Güncelleme Tarihi:
Reşat YİĞİZ/BATMAN, (DHA)- GÜNEYDOĞU Anadolu Bölgesi'nde havaların ısınmasıyla birlikte göçer ailelerin yaklaşık 3 ay süren yayla yolculukları başladı. Mardin'in Nusaybin ilçesi Batman'dan yola çıkan göçerler, yazı Van'ın serin yaylalarında geçirdikten sonra sonbaharla birlikte yeniden dönüşe geçecek.
Güneydoğu Anadolu Bölgesi'nde havaların ısınması ile birlikte göçer aileler, hayvan sürülerini daha serin yaylalara götürmek için yola çıkmaya başladı. Mardin'in Nusaybin ilçesi Batman'dan yola çıkıp, yaklaşık 3 ay yürüyen göçerler, yaz aylarını daha serin olan Van'ın yaylalarında geçiriyor.
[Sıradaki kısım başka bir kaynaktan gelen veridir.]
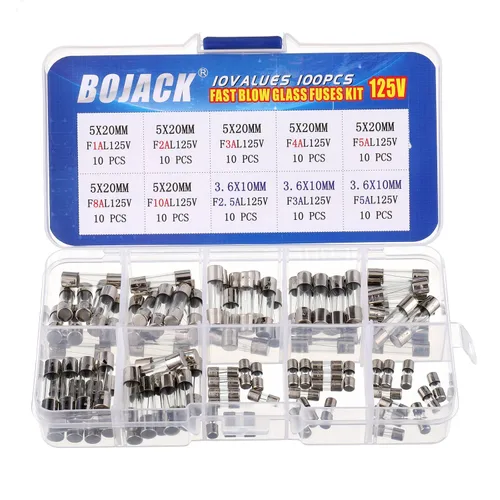 BOJACK Fusibles para luces de Navidad 5x20mm 125V 1A 2A 3A 4A 5A 8A 10A Fusibles de vidrio de explosión rápida 3.6X10mm Fusible mini 125V 2.5A 3A 5A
Yolculuk sırasında göçer aileler, geceleri çadır kurup konaklıyor, gündüzleri ise yollarına devam ediyor. Göçerler, binlerce hayvanla birlikte yaylalara yürüyerek, bölgede yüzlerce yıldır devam eden geleneğini de sürdürüyorlar.
Van’a kadar süren yolculuğun en büyük yükünü ise 'Berivanlar' olarak bilinen göçer kadınlar çekiyor. Uzun ve zorlu yolculukta hayvan sürülerinin bakımını yapan ve erkeklere her konuda yardımcı olan göçer kadınlar, bu yolculuktan oldukça memnun olduklarını söylüyor. Besledikleri hayvanlardan sağdıkları sütten elde ettikleri peynir ve yoğurdu, geçiş güzergahlarındaki yerleşim yerlerinde satan göçerler, bölgedeki ekonomiye de önemli katkı sağlıyor.
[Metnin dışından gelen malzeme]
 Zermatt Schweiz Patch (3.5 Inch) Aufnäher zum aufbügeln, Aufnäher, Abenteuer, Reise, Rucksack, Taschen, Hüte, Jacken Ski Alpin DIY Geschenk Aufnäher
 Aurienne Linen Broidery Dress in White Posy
SONBAHAR'DA DÖNÜŞE GEÇİYORLAR
Van'daki serin yaylalalrda yaz mevsimini geçiren göçer aileler, sonbaharın gelişiyle birlite dönüşe geçiyor. Yine zorlu bir yolculukla asıl bölgelerine dönen göçerler, kış mevsiminde daha sıcak yerlerde kalıyor.
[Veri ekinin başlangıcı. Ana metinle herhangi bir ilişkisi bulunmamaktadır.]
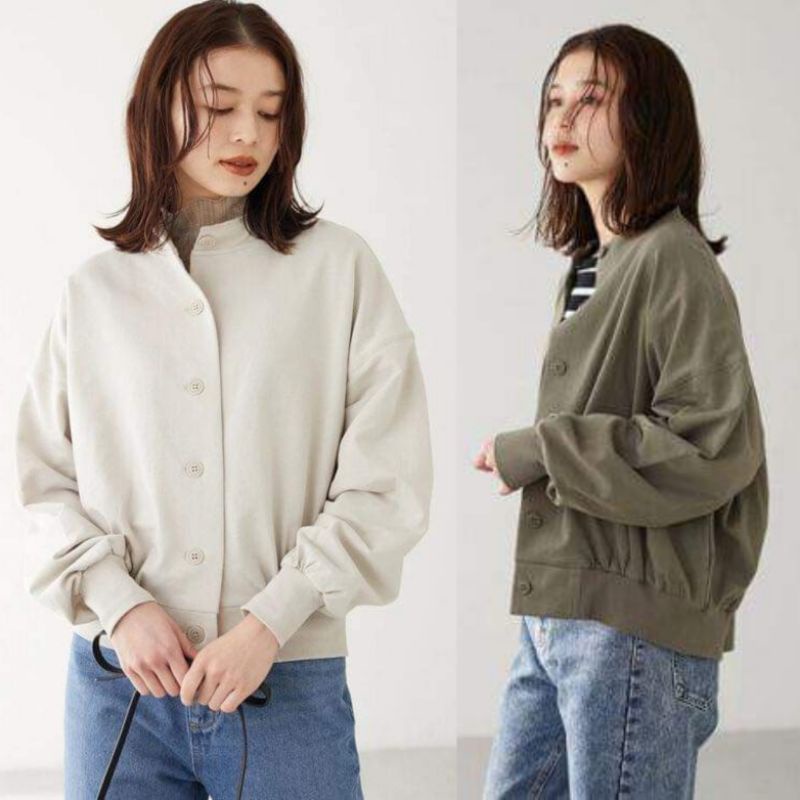Áo khoác thun bomber gài nút xuất Nhật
ŞEHİR HAYATINDAN SIKILIYORLAR
Kış aylarını Batman'ın Korike Mahallesi'nde geçiren göçer kadınlardan Gurbet (20), Mizgin (20), Fahriye (22) ve Emine Güneş (23), şehir hayatından sıkıldıklarını söylüyor. Çocuk yaştan beri yaylalara çıktıklarını belirten göçer kadınlar, "Yaylaya çıkmak yaşamımızın bir parçası haline geldi. Biz göçerlik yapmasak, eksik yaşarız. Hayvanlarımızın sütünden peynir ve yoğurt elde ediyoruz. Hazırladığımız ürünleri günlük ya da bir haftadan sonra genelde bulunduğumuz ilin çarşısına götürüp esnafa satıyoruz. Sattığımız ürünlerimize karşılık aldığımız para ile günlük ihtiyaçlarımızı karşılıyoruz. Yayla ve meralarda hayvancılık yapmak kolay. Ancak özellikle kışın hayvan beslemek çok zor. En büyük yük ise biz kadınların omzunda. Hayvanlarla biz ilgileniyoruz. Tüm bu zorluklara rağmen dağlar ve bayırlar bizim için çok güzel" diyor.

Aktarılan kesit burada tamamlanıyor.